Tuesday, January 8, 2019

Addendum to McCloskey Story: Opus Dei Priest Speaks Out: "He Was Around for a Year After We Were Informed. … It's Not Good. But We May As Well Own It"

More is coming out now about the McCloskey story. A few minutes ago, Michelle Boorstein tweeted out a link to a new Washington Post article entitled "In emotional interview, Opus Dei spokesman said he 'hated' how prominent priest’s sexual misconduct case was handled." Here are some pertinent passages in this article — which I encourage you to read in light of my previous posting about the McCloskey revelations earlier today:

A day after announcing that the global Catholic community Opus Dei had paid nearly $1 million to settle a 2005 sexual misconduct suit against a big-name D.C. priest, a spokesman for the ultraconservative institution Tuesday expressed regret that the Rev.

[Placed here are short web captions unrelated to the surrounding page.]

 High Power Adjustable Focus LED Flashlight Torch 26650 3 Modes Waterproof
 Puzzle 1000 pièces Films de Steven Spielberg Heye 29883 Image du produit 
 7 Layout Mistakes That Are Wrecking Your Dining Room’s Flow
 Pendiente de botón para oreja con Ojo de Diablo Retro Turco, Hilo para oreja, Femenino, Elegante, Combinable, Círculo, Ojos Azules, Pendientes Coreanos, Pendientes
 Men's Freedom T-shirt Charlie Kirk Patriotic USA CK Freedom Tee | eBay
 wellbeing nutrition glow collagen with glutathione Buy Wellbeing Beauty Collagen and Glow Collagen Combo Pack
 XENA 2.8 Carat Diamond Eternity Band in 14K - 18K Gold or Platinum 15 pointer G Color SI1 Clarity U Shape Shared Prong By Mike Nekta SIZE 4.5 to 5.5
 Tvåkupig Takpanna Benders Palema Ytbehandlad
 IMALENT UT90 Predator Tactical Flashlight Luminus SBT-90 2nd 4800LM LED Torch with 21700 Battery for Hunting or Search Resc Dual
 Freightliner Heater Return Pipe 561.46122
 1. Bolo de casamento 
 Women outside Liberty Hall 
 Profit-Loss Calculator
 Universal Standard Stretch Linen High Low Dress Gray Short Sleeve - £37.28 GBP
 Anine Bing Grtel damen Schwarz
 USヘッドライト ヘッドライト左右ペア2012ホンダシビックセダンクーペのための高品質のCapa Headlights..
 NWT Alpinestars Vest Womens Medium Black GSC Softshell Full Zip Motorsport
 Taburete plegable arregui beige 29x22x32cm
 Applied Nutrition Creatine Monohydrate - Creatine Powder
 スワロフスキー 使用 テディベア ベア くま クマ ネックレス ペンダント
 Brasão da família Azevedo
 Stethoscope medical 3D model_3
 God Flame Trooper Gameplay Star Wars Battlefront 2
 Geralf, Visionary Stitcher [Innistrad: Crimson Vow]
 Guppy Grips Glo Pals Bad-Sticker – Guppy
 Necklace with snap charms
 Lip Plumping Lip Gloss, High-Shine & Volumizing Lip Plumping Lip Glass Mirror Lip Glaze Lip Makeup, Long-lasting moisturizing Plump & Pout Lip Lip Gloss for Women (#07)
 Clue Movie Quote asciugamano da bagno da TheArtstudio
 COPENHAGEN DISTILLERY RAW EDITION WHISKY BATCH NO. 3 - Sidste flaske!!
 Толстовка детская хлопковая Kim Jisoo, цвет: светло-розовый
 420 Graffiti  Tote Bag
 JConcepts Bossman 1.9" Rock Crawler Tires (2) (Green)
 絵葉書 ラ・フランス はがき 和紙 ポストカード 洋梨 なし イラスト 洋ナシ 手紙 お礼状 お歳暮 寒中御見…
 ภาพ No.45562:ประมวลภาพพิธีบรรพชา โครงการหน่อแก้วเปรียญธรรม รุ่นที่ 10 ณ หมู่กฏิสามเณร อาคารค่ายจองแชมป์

C. John McCloskey had been allowed to remain in ministry after the allegations came to light. 
"It's an argument that is no longer tenable — this 'Let's quiet things over so priests can continue to do good,' " said Brian Finnerty, choking back tears as he spoke with unusual frankness.


Finnerty said among his regrets was that the complaint came to Opus Dei in November 2002 but the community did not remove McCloskey from the Catholic Information Center until December 2003. He said he personally "hated" that decision. "The reality is he was around for a year after we were informed," Finnerty said. "That's the reality. It's not good. But we may as well own it."


The news has distressed many Washington-area Catholics who said Opus Dei erred greatly in allowing McCloskey to continue for more than a decade to operate as a priest and guide. 

The article also states,

The woman who reached the settlement with Opus Dei in 2005 told The Washington Post she began seeing McCloskey for spiritual direction at a time when her marriage was crumbling and she was experiencing serious depression. The priest groped her several times during tight hugs, she said. She said she expressed shame and guilt about it to him during confession and he absolved her. (The Post does not name victims of sexual assault without their consent.) 
McCloskey also asked the woman detailed questions about her sex life with her husband, she said.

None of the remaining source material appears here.